Monday, September 29, 2008
Rosh HaShanah Begins Mon. Night
The Jewish People begin nearly a month of holidays Monday evening: Two days of Rosh Hashanah, followed on Thursday by the Fast of Gedaliah. The fast commemorates the end of Jewish rule in the Land of Israel following the destruction of the First Holy Temple some 2,500 years ago. Two days later will be the Sabbath of Repentance, a central day in the Ten Days of Repentance between Rosh HaShanah and Yom Kippur (inclusive). This is the annual period in which Jews take upon themselves to correct their faults of the past year, and more carefully fulfill the Torah's commandments, vis-a-vis both G-d and fellow man.
Asked why such a reckoning is not done more often throughout the year, Rabbi Shmuel Tal, head of the Torat HaChaim yeshiva in Yad Binyamin, has explained [the following is paraphrased]:
"One who plans a long journey is advised to first climb a hilltop and take a comprehensive view of the route he plans to take. However, if he continually climbs hilltops to take such views, he will not be able to actually proceed on his hike! The same is true here: We are given an opportunity once a year to take stock of our lives and where we are going, but most of the time, we must actually be living - performing the commandments and trying to follow G-d's way as best we understand... This does not mean that a person should not review and note his deeds and misdeeds every day - but the 'big picture' must be examined once a year."
Five days after Yom Kippur (Thursday, Oct. 9), the holiday of Sukkot begins. In Israel, the holiday is seven days long - one day of a Sabbath-like holiday, followed by six days of Chol HaMoed, on which many every-day activities are permitted (except for on Sabbath). Immediately afterwards, on Tuesday, Oct. 21, is the one-day Sabbath-like holiday of Shmini Atzeret/Simchat Torah, known as the Rejoicing of the Law. Tuesday night will see post-holiday Hakafot Shniyot celebrations - a continuation of the day's singing and dancing in honor of the Torah - all around the country.
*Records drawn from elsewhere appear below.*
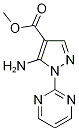 Methyl 5-amino-1-(pyrimidin-2-yl)-1h-pyrazole-4-carboxylateStructure,104909-69-5Structure Methyl 5-amino-1-(pyrimidin-2-yl)-1h-pyrazole-4-carboxylate Structure,104909-69-5Structure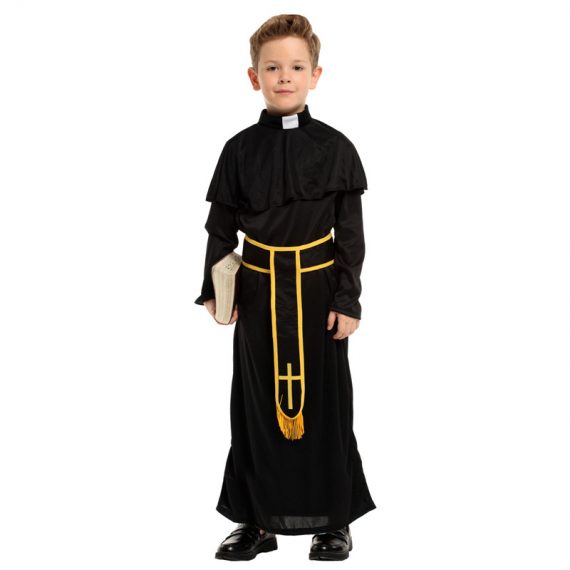 Boys Priest Costume Traditional Cosplay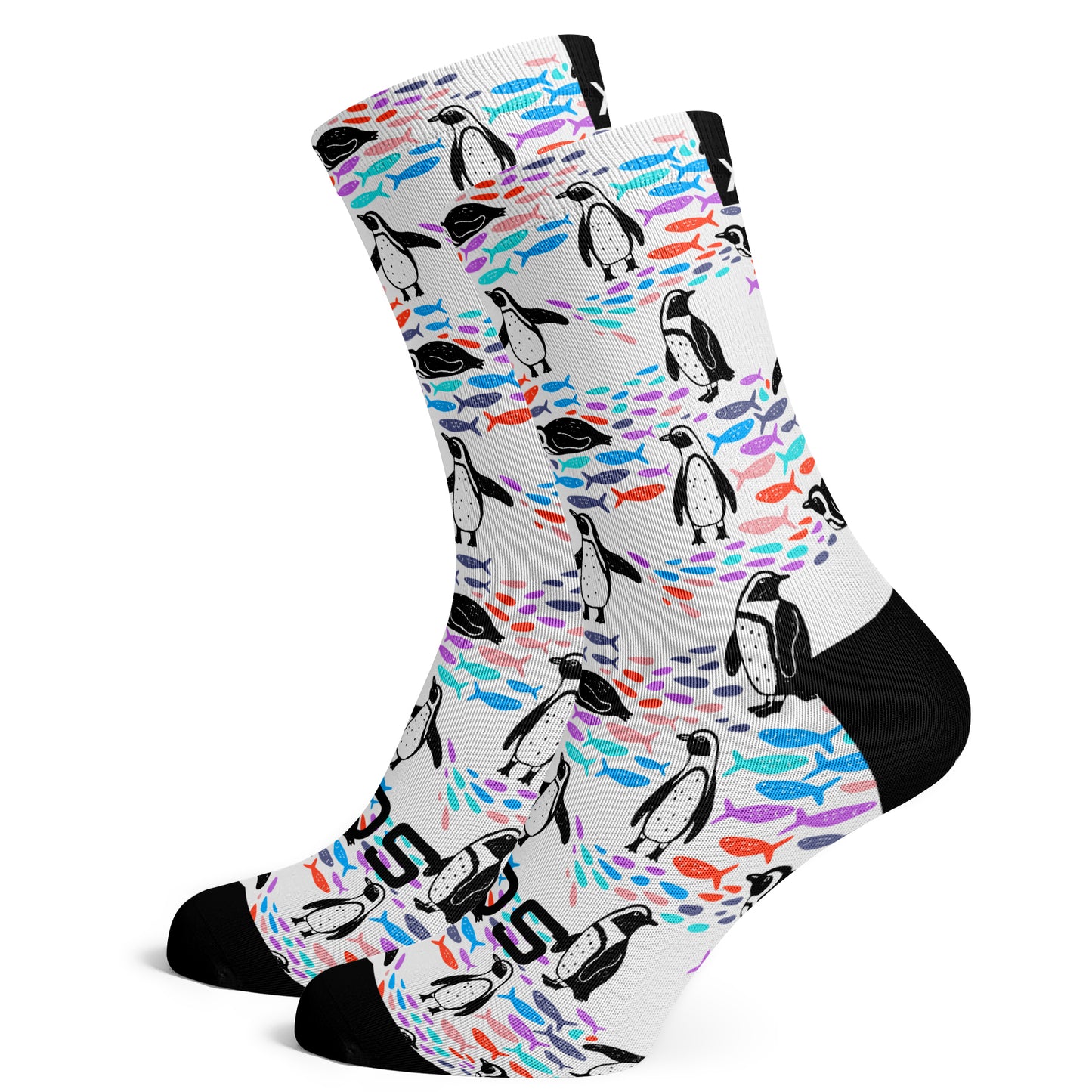 Sox Footwear Penguins Animals Premium Crew Socks - Large (UK 8-12)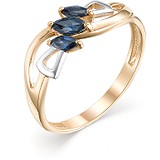 Женское золотое кольцо с сапфирами, 1605593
Outside Israel, the holidays are celebrated slightly differently. Sukkot begins with a two-day Sabbath-like holiday (Oct. 14-15), followed by five days of Chol HaMoed, on which many every-day activities are permitted (except for on Sabbath). Immediately afterwards, on Oct. 21-22, are two days of Sabbath-like holidays: Shmini Atzeret, and then Simchat Torah, known as the Rejoicing of the Law.
New Year Commemorations
As the Jewish New Year is not a time of great joy, but rather a time for careful stock-taking of one's relationship with G-d, the Rosh HaShanah prayers - longer, more melodious, and more intense and inspirational than on a normal Sabbath - concentrate on G-d's Kingship and His judgment of all creatures. Based on the commandment in Numbers 29:1, 100 shofar blasts are dramatically sounded throughout the prayers, "awakening" us to improve our ways. The Tashlikh prayer is recited on Tuesday afternoon, preferably by a live stream of water in which we ask G-d to "throw away" our sins.
Upon returning home, special foods are served, especially sweet ones for a sweet year, as well as fruits that require a special Shehecheyanu blessing in honor of their being eaten for the first time since the previous season. Pomegranates are often served for this purpose.
As many as 40,000 Jews of all stripes, mainly Breslover Hassidim, are already in Uman, in Ukraine, to spend the holiday at the gravesite synagogues of their spiritual leader, Rebbe Nachman of Breslov, who passed away in Tishrei of 1810. Many say that their "Rosh HaShanah in Uman" is a life-changing experience, or at least provides them the spiritual replenishment they need for the coming year. Some rabbis, however, oppose the idea of leaving the Holy Land to spend holy days in the Diaspora.